MarkdownMemory(path) runs a four-step "resolve-then-classify" check in its constructor:

  1. Windows UNC: a raw string beginning with \\ or // raises ValueError("path traversal ...").
  2. Path traversal: a raw string containing .. whose path.resolve() lands outside the current cwd subtree raises ValueError("path traversal ...").
  3. System path: a path that resolves under /etc, /sys, /proc, /dev, or /root (including the macOS canonical forms such as /private/etc) raises ValueError("system path ..."). Symlink attacks (for example /tmp/memo.md pointing at /etc/passwd) are caught here because resolve() unwraps the link before classification.
  4. Unsafe file type: a resolved target that is a FIFO, socket, or block device raises ValueError("unsafe file type ...").

Every rejection completes before the file is opened. A rejected path is never created, opened, or touched by any IO beyond the stat() needed to classify it.

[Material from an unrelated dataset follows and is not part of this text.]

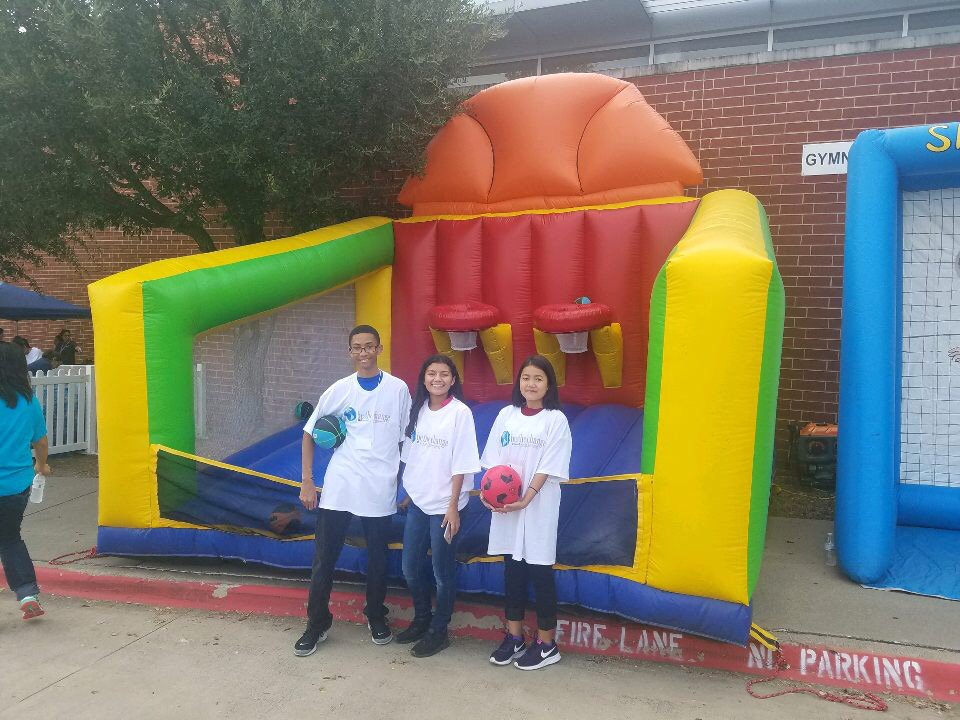 ConradAdmin's tweet photo. Conrad Global students volunteering at @DallasISD #PrepU https://t.co/l2DaT6HD4u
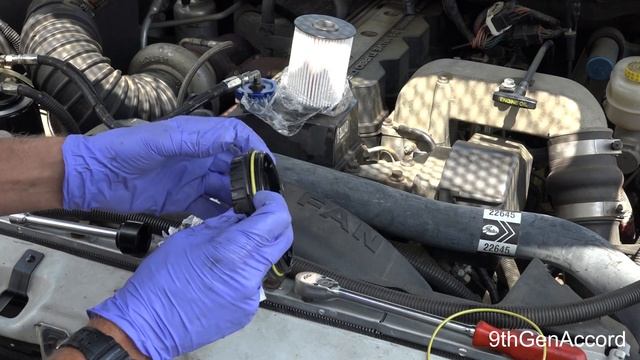 Dodge Ram 2500 with the Cummins 5.9l turbo diesel Fuel Filter change смотреть онлайн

AutoMemory: autonomous LLM CRUD, and a production warning

The four Skills returned by AutoMemory.tools expose full CRUD to the LLM by default, with no built-in content filter. In a teaching setting that is intentional: students need to see the trade-offs of letting an LLM write and delete on its own. Before any production use, wrap them with a filter using cantus's existing hook mechanism:

python
from cantus import skill
from cantus.protocols.memory import AutoMemory, MarkdownMemory

def block_secrets(result):
    # post_hook example: reject the write if it detects a sensitive string
    return result  # ... your filtering logic

backend = MarkdownMemory("memo.md")
auto = AutoMemory(backend=backend)

# Replace the create tool with a wrapped version (keeping the other 3 tools)
create_skill = auto.tools[1]
create_skill._post_hook = block_secrets

agent_tools = list(auto.tools)

EventStream JSON-Lines persistence

cantus.core.event_stream_persistence.JsonLinesPersistence(path) is an optional persistence plug for the EventStream. Each append(event) immediately calls os.fsync and writes to a single .jsonl file; load() rebuilds the event list from that file. The default EventStream stays in memory, so this plug is an explicit opt-in.

python
from cantus.core.event_stream_persistence import JsonLinesPersistence

p = JsonLinesPersistence("session-001.jsonl")
p.append({"action": "search", "query": "Tainan"})
p.append({"observation": "found 3 books"})

# Reload across sessions
restored = JsonLinesPersistence("session-001.jsonl").load()
print(restored)  # [{'action': 'search', ...}, {'observation': ...}]

Design constraints:

  • json.dumps runs before open(). A non-serializable event raises TypeError("... not JSON serializable ..."), and the file is neither created (cold start) nor modified (existing file).
  • A newly created file uses POSIX mode 0o600, so other users on a shared machine cannot read sensitive conversation logs.
  • Every append calls fsync. The teaching positioning assumes a single-digit number of events per second, where the performance cost is negligible. For production-scale persistence, wait for a later release.

Common mistakes

  • Forgetting to initialize the internal container in __init__, so the first call to recall raises AttributeError.
  • Assuming you can register with @memory: the package surface raises ImportError directly. Use a class instead.
  • Putting an LLM call inside recall: memory should be pure retrieval. For summarization, split it into a skill or a workflow, then let memory store the result.
  • Using BM25Memory or EmbeddingMemory without installing the extras: at runtime you will be told to run pip install 'cantus[memory]'.